* _WORK TO BE COMPLETED_
Out of the material that follows, write out exactly the lines from the line with "Casa bifamiliare in" to the line with "Bed (Ikea), Huis", both ends included, and no others.

* _INPUT DATA_
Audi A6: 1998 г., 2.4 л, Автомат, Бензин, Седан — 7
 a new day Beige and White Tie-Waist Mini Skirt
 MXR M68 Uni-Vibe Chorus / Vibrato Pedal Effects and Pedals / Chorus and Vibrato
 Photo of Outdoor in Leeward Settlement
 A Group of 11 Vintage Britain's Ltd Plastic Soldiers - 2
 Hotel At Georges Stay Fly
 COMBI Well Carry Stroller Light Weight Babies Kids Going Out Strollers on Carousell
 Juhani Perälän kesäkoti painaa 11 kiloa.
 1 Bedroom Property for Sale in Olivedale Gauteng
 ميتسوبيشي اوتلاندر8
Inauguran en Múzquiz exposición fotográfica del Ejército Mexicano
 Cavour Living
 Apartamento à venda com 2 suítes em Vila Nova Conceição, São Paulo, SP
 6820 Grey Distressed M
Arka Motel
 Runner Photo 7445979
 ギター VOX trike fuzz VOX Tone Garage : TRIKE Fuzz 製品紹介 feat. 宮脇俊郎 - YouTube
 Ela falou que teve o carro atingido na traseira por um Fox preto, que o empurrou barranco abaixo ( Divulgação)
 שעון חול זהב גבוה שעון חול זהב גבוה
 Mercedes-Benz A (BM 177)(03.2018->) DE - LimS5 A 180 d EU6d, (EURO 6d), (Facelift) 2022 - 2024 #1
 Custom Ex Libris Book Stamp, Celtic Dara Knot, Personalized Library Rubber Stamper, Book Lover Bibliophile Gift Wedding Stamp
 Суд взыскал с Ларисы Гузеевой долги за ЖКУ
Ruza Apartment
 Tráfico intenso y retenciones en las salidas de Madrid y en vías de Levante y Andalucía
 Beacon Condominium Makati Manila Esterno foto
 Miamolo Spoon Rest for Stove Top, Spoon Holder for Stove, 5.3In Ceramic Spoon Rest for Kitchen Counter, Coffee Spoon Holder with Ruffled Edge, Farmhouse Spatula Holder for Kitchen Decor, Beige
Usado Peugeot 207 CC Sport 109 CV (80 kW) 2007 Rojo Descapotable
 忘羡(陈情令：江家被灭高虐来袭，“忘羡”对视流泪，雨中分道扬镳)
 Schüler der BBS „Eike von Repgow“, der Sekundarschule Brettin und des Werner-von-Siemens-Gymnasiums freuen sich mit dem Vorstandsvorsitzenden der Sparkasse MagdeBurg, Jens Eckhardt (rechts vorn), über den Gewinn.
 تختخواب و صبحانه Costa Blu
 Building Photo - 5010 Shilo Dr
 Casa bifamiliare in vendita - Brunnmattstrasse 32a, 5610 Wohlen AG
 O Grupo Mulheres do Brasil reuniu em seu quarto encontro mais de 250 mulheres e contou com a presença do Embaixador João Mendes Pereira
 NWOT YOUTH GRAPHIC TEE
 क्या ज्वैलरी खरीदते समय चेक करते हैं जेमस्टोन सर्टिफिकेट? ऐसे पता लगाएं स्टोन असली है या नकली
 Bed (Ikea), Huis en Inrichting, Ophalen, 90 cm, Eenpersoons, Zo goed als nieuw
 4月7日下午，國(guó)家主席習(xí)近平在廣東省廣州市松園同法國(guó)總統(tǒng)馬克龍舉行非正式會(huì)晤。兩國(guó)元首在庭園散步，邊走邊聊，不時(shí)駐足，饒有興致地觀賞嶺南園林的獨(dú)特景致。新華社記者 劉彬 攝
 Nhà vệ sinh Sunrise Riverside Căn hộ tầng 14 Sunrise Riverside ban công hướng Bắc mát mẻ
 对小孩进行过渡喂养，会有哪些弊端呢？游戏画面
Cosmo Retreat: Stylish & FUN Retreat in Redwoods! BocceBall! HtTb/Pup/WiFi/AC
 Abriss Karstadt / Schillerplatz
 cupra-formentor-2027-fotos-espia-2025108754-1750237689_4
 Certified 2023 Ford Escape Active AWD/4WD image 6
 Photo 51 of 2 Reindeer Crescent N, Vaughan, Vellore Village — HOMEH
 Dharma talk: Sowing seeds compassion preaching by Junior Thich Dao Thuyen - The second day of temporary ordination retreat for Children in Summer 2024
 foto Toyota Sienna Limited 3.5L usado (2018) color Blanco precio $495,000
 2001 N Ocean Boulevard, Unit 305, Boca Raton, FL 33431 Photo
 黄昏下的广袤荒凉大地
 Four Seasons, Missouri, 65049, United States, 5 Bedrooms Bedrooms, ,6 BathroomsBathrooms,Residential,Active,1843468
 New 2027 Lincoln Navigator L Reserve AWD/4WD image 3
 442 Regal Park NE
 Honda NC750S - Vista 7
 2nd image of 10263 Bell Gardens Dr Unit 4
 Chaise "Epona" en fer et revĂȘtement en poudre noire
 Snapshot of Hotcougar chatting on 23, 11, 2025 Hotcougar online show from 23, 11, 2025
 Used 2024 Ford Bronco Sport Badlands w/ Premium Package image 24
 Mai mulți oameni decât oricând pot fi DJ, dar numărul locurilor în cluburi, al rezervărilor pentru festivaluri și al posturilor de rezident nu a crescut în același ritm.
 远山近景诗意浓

* _RESULT FOR THIS TASK_
 Casa bifamiliare in vendita - Brunnmattstrasse 32a, 5610 Wohlen AG
 O Grupo Mulheres do Brasil reuniu em seu quarto encontro mais de 250 mulheres e contou com a presença do Embaixador João Mendes Pereira
 NWOT YOUTH GRAPHIC TEE
 क्या ज्वैलरी खरीदते समय चेक करते हैं जेमस्टोन सर्टिफिकेट? ऐसे पता लगाएं स्टोन असली है या नकली
 Bed (Ikea), Huis en Inrichting, Ophalen, 90 cm, Eenpersoons, Zo goed als nieuw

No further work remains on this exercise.